84話 不撓の決意
「はっ、なんだが妬ましい波動を感じます!」
今は特務部隊隊長としての執務中。何となく…本当に何となくリューくんが女性に抱きつかれている景色が見えた気がした。
「お?」
グランが待ってましたとばかりに私に視線を向ける。最近の彼は、私がリューくん不足で発狂する姿を見物にしている節があるのだ。
「今回は違いますから!これは女の勘です。」
「まだ何も言っとらんのだが。まぁ、いい。今度は一体何があったのだ。」
「少し胸騒ぎがするんです。今に始まったことではないですけど。しばらく前から彼が女の子とデートしたり押し倒されたり告白されたりしている気がして…。」
「お、おう…。」
「いえ、それに比べれば今回は何でもないですよ?ただ他の女性に抱きつかれている気配を察知しただけなので。ええ。すっごく美人なメイドさんと金髪ケモミミの女の子。いえ、ただの想像ですけど。そんな気がしたというだけで。え、別に嫉妬とかはないですよ?ただちょっと羨ましいというかなんというか。できればその場所を代わっていただきたい…みたいな?私だって彼をギュッてして頭撫で回してたんと甘やかしてあげたいです。それで、ちょっとでも私のことを女の子として意識してくれたら嬉しいかなって。顔を赤くしてくれたりなんかしたら私は死にます。尊死です。でもやっぱりそれは贅沢すぎるかなって思う部分もあって」
「おいおい、始まっとるじゃないか。欠乏症。」
「断固否定します。なんなら命賭けますが?」
「命賭けますが?じゃないわ。何をすっとぼけた顔で負け戦に国の命運をベットしとるんだ。」
筆を進めながらの会話だったのだけど、なんだかとんでもないことを口走っている気がする。喋った内容を思い出してしまうと恥ずかしさのあまり悶絶する気がしたので、喋った内容は片っ端から忘れることにした。
「よし、今日の仕事は終わりです!」
ふと資料から顔をあげるとグランは青ざめた顔をしていた。得体の知れない化物でも見ているご様子。対照的にティーユは笑いを必死に堪えているようだった。
「あれ、私また何か言っちゃいました?」
「いや、儂は何も聞いていない。な、なぁティーユ。」
「ええ。ハルちゃんは今日も可愛いです。

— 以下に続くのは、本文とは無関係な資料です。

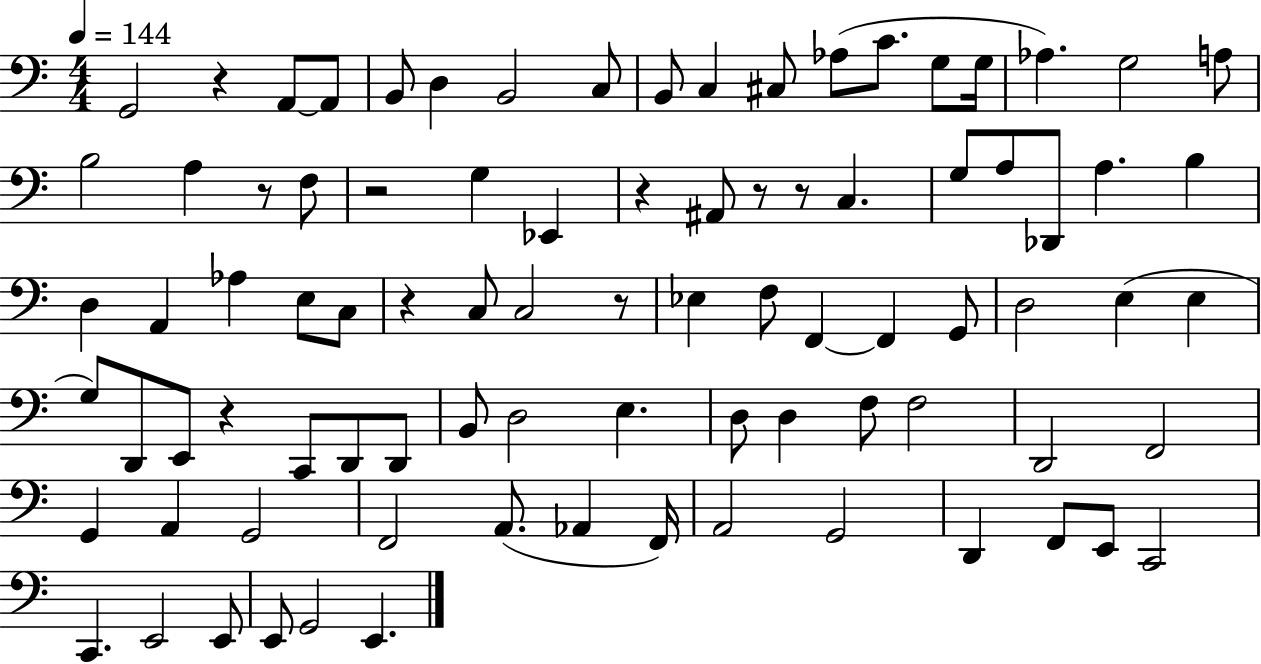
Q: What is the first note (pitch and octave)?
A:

」
なんだか二人の会話は噛み合ってないような気がするけど。
「それよりハルちゃん?次の合同訓練のお相手は決まったのかしら?」
「はい。やっぱり連携が取りやすいところがいいかなと思って。幸い出身者が二人もいるのであまり迷うこともなかったです。」
「ということは決まりか!」
グランが急に血色を変えてニカッと笑う。歳は五十にもなるのだけど、彼の笑顔には愛嬌がある。国内屈指のガタイに男前。その上にこの愛嬌なのだから皆から慕われるのも頷ける。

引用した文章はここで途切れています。